The most valuable thing a futurist keynote speaker brings to an event is not prediction. It’s a framework for thinking, a structured way to read emerging signals, challenge comfortable assumptions, and help a leadership team act before the disruption arrives rather than after.
Demand for futurist keynote speakers has climbed sharply as organizations face compressing technology cycles, geopolitical volatility, and the realization that strategic planning built on last year’s assumptions is already obsolete. The speakers on this list represent the sharpest minds working at that intersection of rigorous foresight and actionable insight for business audiences.
Amy Webb
Few figures in professional futures work combine academic rigor, methodological discipline, and genuine business fluency the way keynote speaker Amy Webb does. She is the founder and CEO of the Future Today Strategy Group, one of the most respected applied futures research organizations in the world, and a professor of strategic foresight at NYU Stern School of Business. The Thinkers50 global ranking of management thinkers currently places her at #4 worldwide.

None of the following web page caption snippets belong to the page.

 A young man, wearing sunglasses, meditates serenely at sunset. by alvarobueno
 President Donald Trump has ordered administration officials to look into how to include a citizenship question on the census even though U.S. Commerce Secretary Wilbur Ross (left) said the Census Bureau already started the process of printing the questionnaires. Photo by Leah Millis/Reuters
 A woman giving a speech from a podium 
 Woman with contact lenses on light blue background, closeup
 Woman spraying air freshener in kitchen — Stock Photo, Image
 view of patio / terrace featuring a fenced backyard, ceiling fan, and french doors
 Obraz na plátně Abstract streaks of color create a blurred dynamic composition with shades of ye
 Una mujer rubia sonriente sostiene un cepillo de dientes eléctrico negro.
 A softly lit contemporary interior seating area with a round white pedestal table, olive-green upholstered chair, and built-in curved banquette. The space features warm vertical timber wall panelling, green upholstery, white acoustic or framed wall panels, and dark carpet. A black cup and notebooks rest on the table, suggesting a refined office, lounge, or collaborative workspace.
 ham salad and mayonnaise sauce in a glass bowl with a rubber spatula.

Every year, FTI publishes its Tech Trends Report — a research document that has grown to cover hundreds of emerging technology trends across dozens of industry sectors. It is used by Fortune 500 boards, government agencies, and military planners. Webb’s keynotes translate that research infrastructure into accessible, evidence-based presentations designed for senior leadership audiences who need to make decisions, not just understand trends. Her SXSW 2026 session made a significant departure: rather than presenting trend forecasts, she introduced her Convergence Outlook framework — the argument that the most consequential disruptions of the next decade will come from the intersections between technologies, not from any single one.

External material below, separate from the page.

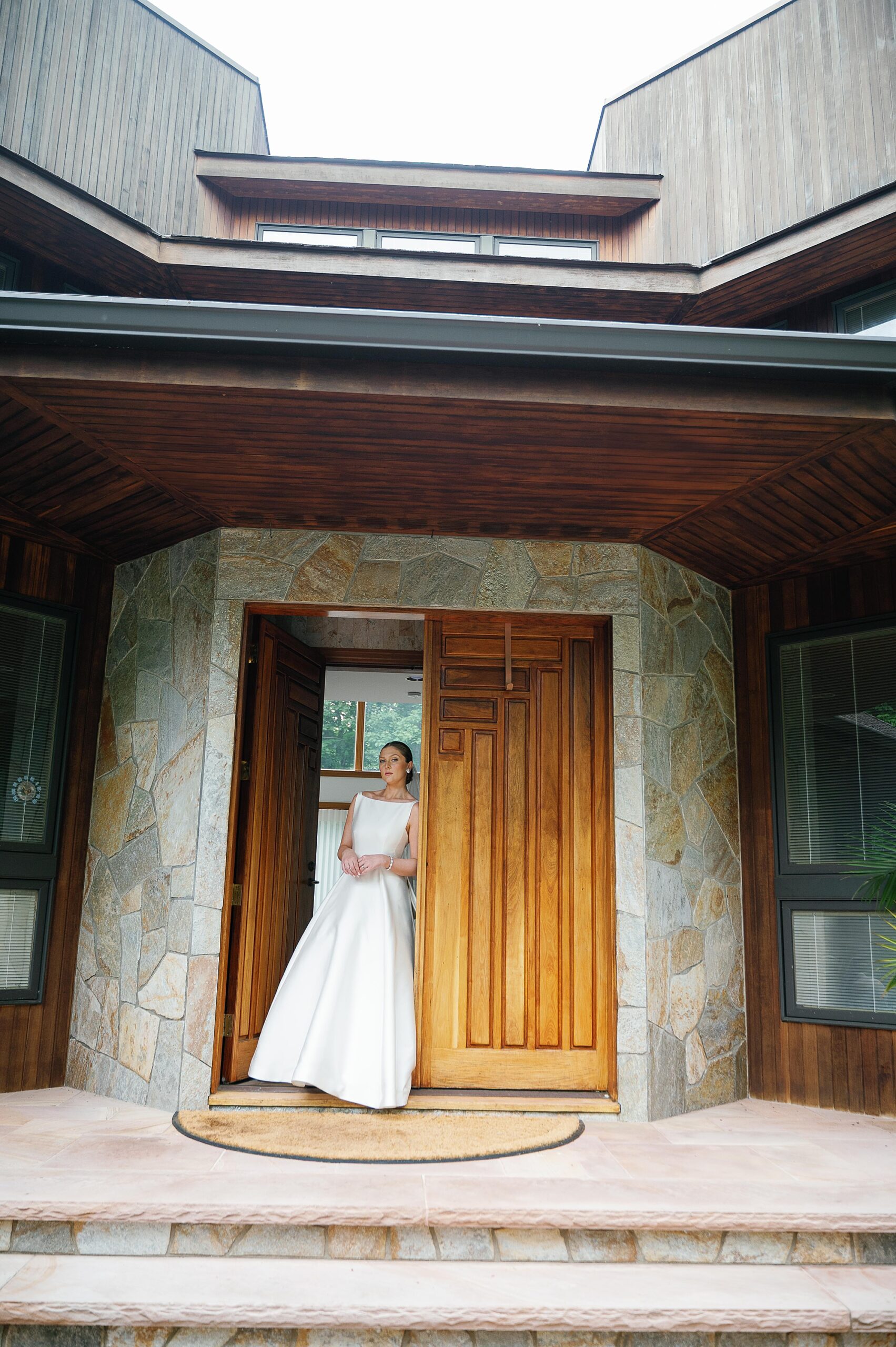 bride leans against wooden door of the Immaculate Conception Church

Her books — including The Signals Are Talking and The Big Nine, which examines the concentration of AI power among a small group of corporations — remain foundational texts in the field. She speaks frequently on artificial intelligence strategy, emerging technology policy, and how organizations can build internal foresight capacity.

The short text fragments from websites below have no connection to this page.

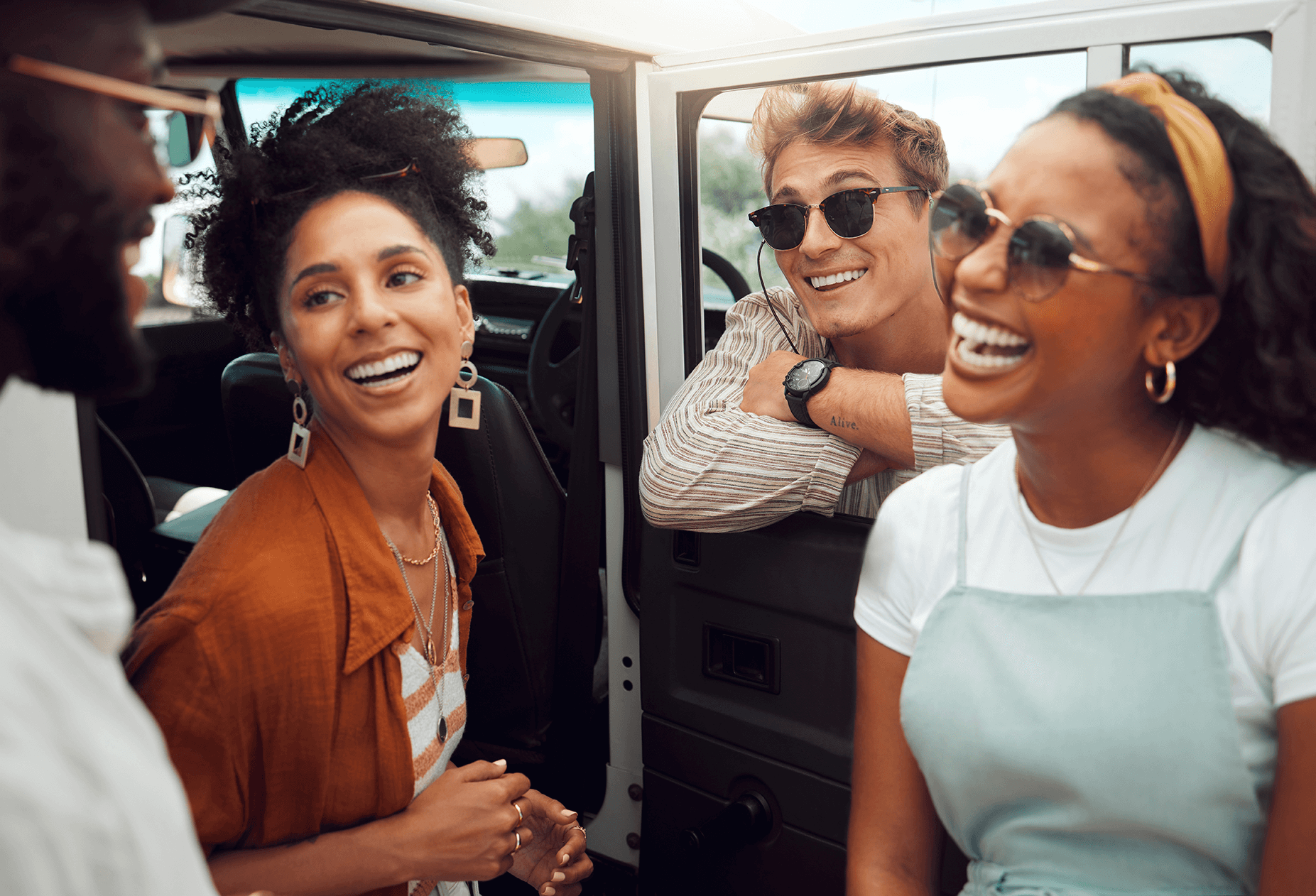 Group of friends laughing and talking by a car during a sunny road trip, representing friendship, travel adventures, and joyful outdoor experiences.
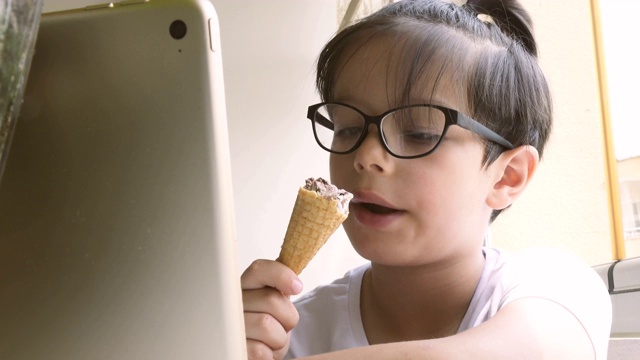 可爱的男孩舔着蛋筒里的冰淇淋，用着平板电脑视频素材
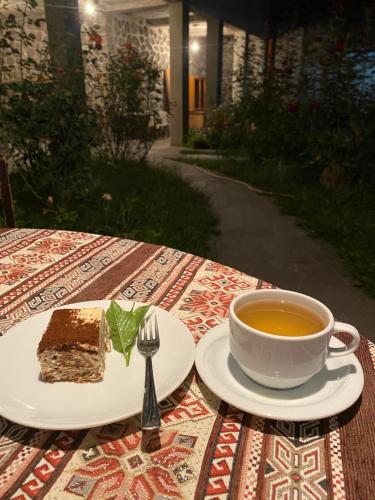a piece of cake and a cup of tea on a table at Christy Hotel in Goris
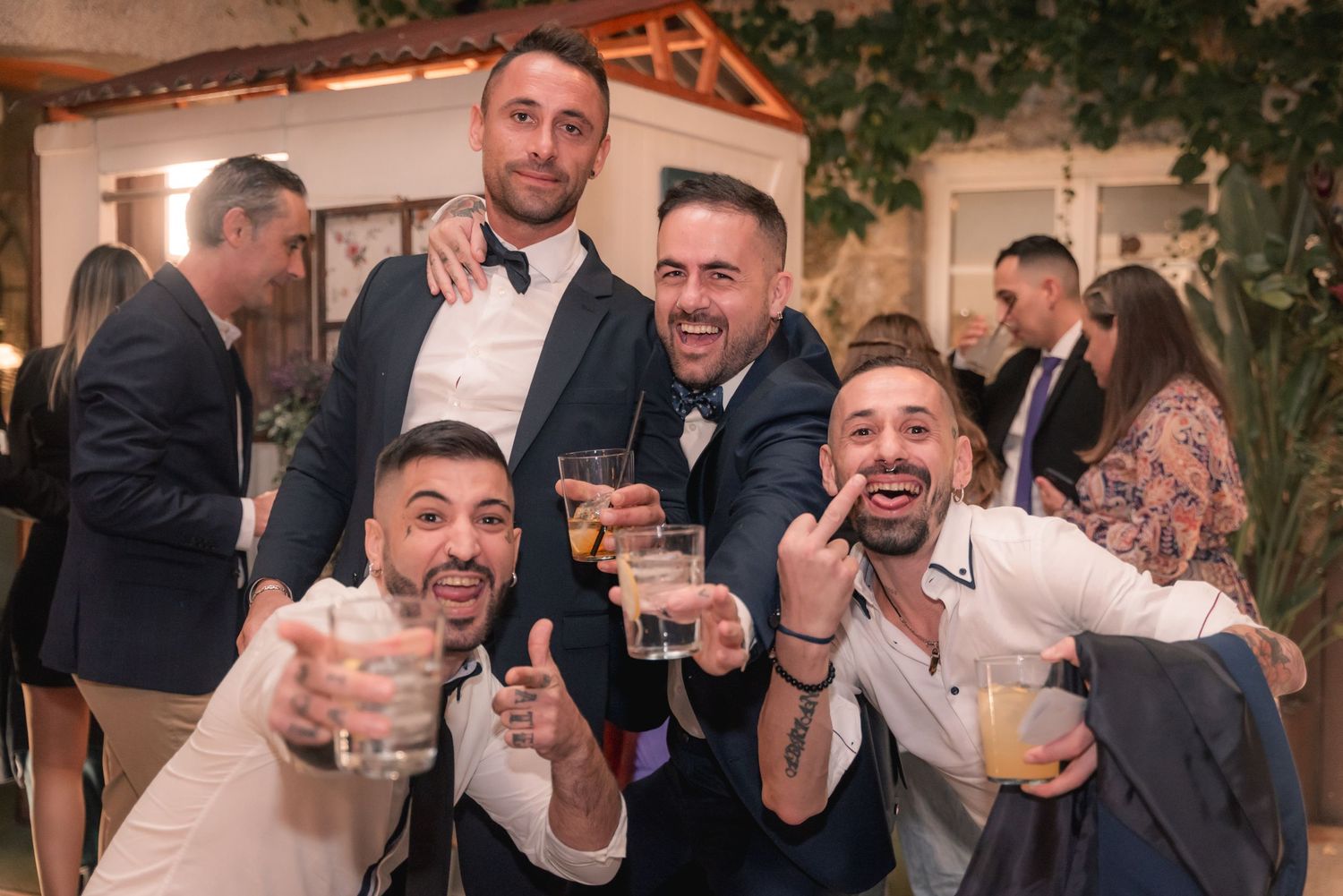 A group of friends raise their drinks in celebration at an indoor event with rustic decor and greenery.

Webb consistently brings intellectual precision to a field that too easily drifts into speculation. For organizations navigating AI strategy, she is one of the most credible voices available.
Ian Beacraft
Among the newer generation of futurists commanding major stages, speaker Ian Beacraft has built a reputation for making complex emerging technology genuinely accessible — without sacrificing depth.
Beacraft is the CEO and Chief Futurist at Signal and Cipher, a Chicago-based futures and foresight consultancy whose clients include Samsung, Intel, Coca-Cola, Google, Microsoft, and Nike. His work centers on helping organizations understand not just what technologies are emerging, but what behavioral and cultural shifts will accompany them — and how to position ahead of both. His Skill Flux framework, introduced at SXSW 2025, argues that the half-life of a technical skill has collapsed to roughly 2.5 years — and that most enterprise reskilling programs are structurally too slow to keep pace. That framing has made him one of the most urgently relevant voices on workforce strategy.

His keynote style is notably engaging: high-energy, visually driven, and anchored in real-world examples rather than abstract theory. He integrates live technology demonstrations and extended reality elements that make AI’s implications tangible in the room — he was the first person to host a globally syndicated news segment as a synthetic human. That combination has made him a strong fit for technology conferences, financial services forums, and company all-hands events where audiences need both urgency and a practical vocabulary.
For event organizers looking for a futurist who energizes a room while leaving attendees with concrete frameworks, Beacraft delivers both.
Audrey Tang
There are futurists who study how technology reshapes governance — and then there is keynote speaker Audrey Tang, who spent eight years actually doing it.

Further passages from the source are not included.